Treffen der Finanzminister Europäer loben deutsches Konjunkturprogramm

Die Finanzminister der Eurozone bauen in der Krise auch auf das zweite deutsche Konjunkturprogramm von 50 Milliarden Euro. Gab es im Herbst noch Kritik an der angeblich zögerlichen deutschen Haltung, wurde das zweite Berliner Paket in Brüssel mit Lob aufgenommen.

Europäer loben deutsches Konjunkturprogramm (Foto)
Jean-Claude Juncker lobt das zweite deutsche Konjunturpaket. Bild: dpa

«Das Programm hat Substanz und wir alle hoffen, dass es schnell Erfolg hat», sagte der Vorsitzende der Euro-Finanzminister, der luxemburgische Premier und Ressortchef Jean-Claude Juncker, in Brüssel. Das Gesamtvolumen der beiden deutschen Programme - zusammengerechnet ergeben sich rund 80 Milliarden Euro - entspreche dem, was von Deutschland erwartet worden sei. Zentrale Punkte des zweiten Pakets sind Steuer- und Abgabensenkungen sowie mehr Investitionen in die öffentliche Infrastruktur.

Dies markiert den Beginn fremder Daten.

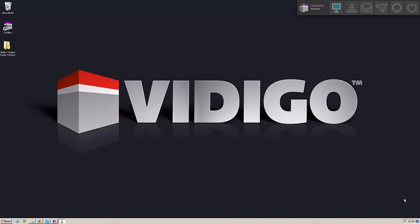The Video Toolbox grabber allows you to grab any desktop content and sends it out into an SDI key and fill signal.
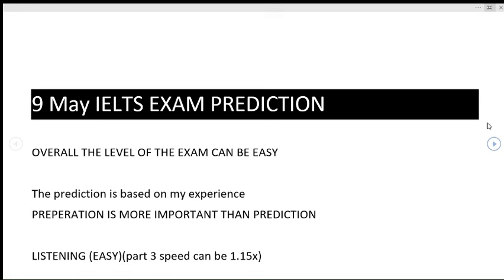This prediction is based on experience in mind while preparing, and preparation is more important than prediction. So prepare what is mentioned in this video as a priority, and along with that, if something is not mentioned over here, you should also take a look at those things.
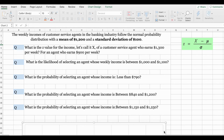Welcome back. In this video, we're going to talk about the normal probability distribution. We're going to learn how to find the z value, and I'm going to show you how you can find the probability between two x values in Excel. So before we get started with this example, let's talk a little bit about the normal probability distribution.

Juncker sagte, dass die EU-Mitgliedstaaten ihre Beiträge für das im Dezember vereinbarte EU-Konjunkturpaket von 200 Milliarden Euro leisteten. «Wir haben unsere Hausaufgaben gemacht.» Kein Minister habe gefordert, die Intervention weiter zu erhöhen. Die EU hatte vor gut einem Monat beschlossen, rund 1,5 Prozent ihrer gemeinsamen Wirtschaftsleistung im Kampf gegen die schwere Wirtschafts- und Finanzkrise einzusetzen. Den Löwenanteil tragen die EU-Staaten selbst. EU-Währungskommissar Joaquín Almunia forderte eine zügige Umsetzung der Pakete.

Juncker appellierte an die Banken, insbesondere kleinen und mittleren Unternehmen Kredite einzuräumen. Wenn es keine Darlehen gebe, könnten die Konjunkturprogramme ihre Wirkung nicht entfalten. «Wir stellen einige Verbesserungen fest, aber die reichen nicht aus.»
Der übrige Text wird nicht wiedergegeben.